Tércio Machado

Personal information
- Full name: Tércio Nunes Machado
- Date of birth: 9 January 1978 (age 47)
- Place of birth: Coromandel, Minas Gerais, Brazil
- Height: 1.80 m (5 ft 11 in)
- Position(s): Midfielder

Senior career*
- Years: Team / Apps / (Gls)
- 1997–1998: Atlético Mineiro
- 1999: Caxias
- 1999: Cruzeiro
- 2000: Náutico
- 2001–2003: Atlético Mineiro
- 2004–2007: Ceilândia
- 2008: KL Plus FC
- 2008–2009: Feirense
- 2010–2011: Araxá
- 2012: Kanbawza

= Tércio Machado =

Brazilian footballer

Tércio Nunes Machado (born 9 January 1978) is a Brazilian former association football player.

==Club career==
As a midfielder, Tércio Nunes Machado played for several clubs including Atlético Mineiro, Caxias, Cruzeiro, Náutico and Ceilândia in Brazil before heading overseas.
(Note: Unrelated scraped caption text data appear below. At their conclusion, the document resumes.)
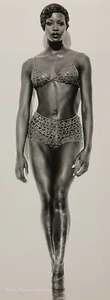 1992 Vintage HERB RITTS Supermodel NAOMI CAMPBELL Bikini Fashion Photo Art 16x20 - Picture 1 of 1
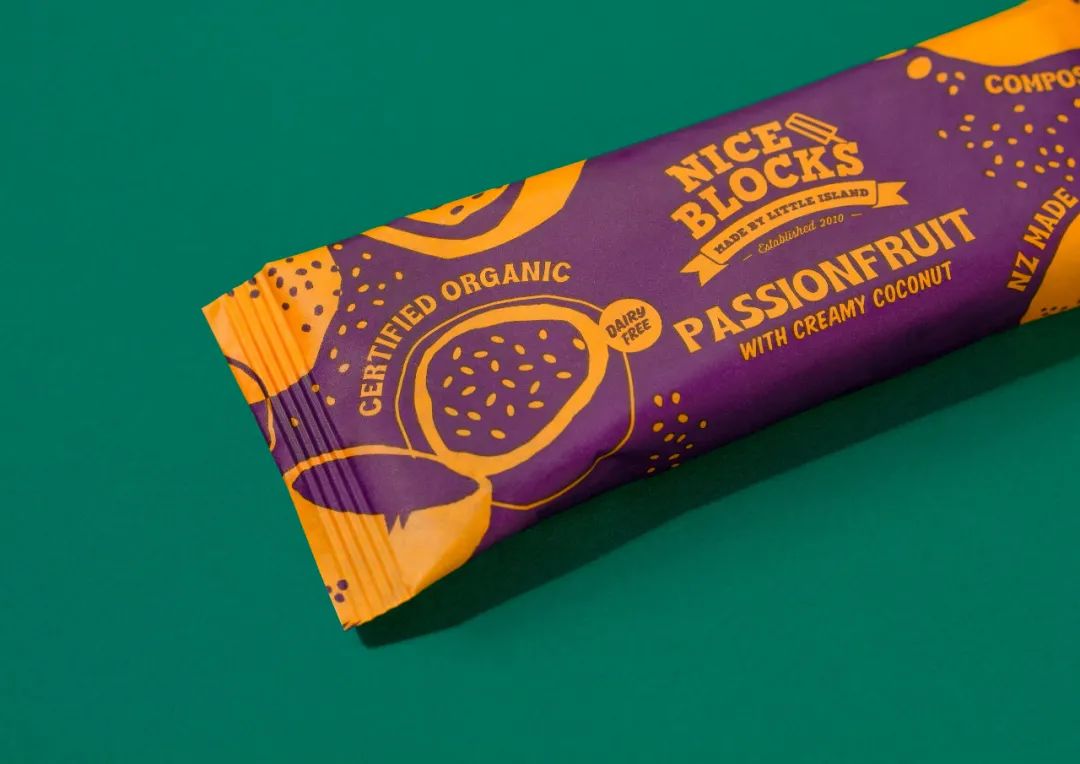 新西兰Niceblocks冰淇淋包装设计特写
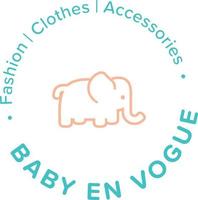 logo de un elefante para un bebé ropa tienda vector
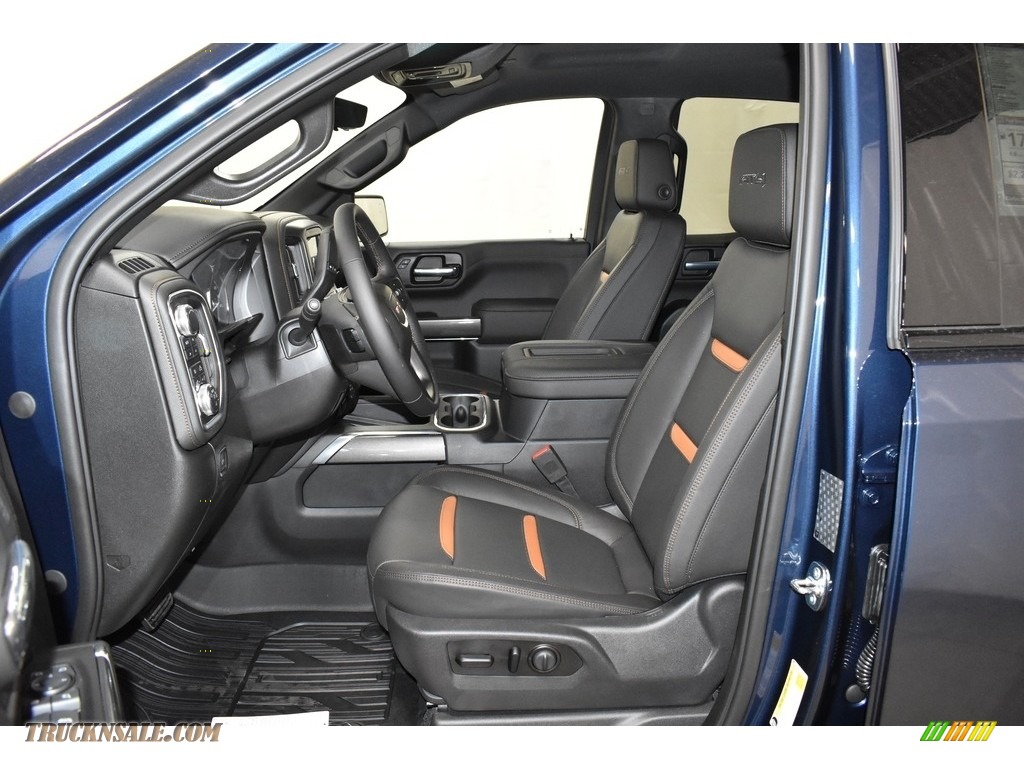 2019 Sierra 1500 AT4 Double Cab 4WD - Pacific Blue Metallic / Jet Black photo #6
He had a season with KL Plus FC in Malaysia before played for Feirense in Portugal and for Araxá in Brazil.

In December 2011, he returned to Malaysia and signed with Malaysia Super League side Terengganu FA, which will play in the 2012 AFC Cup. However, he later failed to register in the league after failing meeting the Football Association of Malaysia rules and requirements.

He left Malaysia and joined the Myanmar side, Kanbawza FC.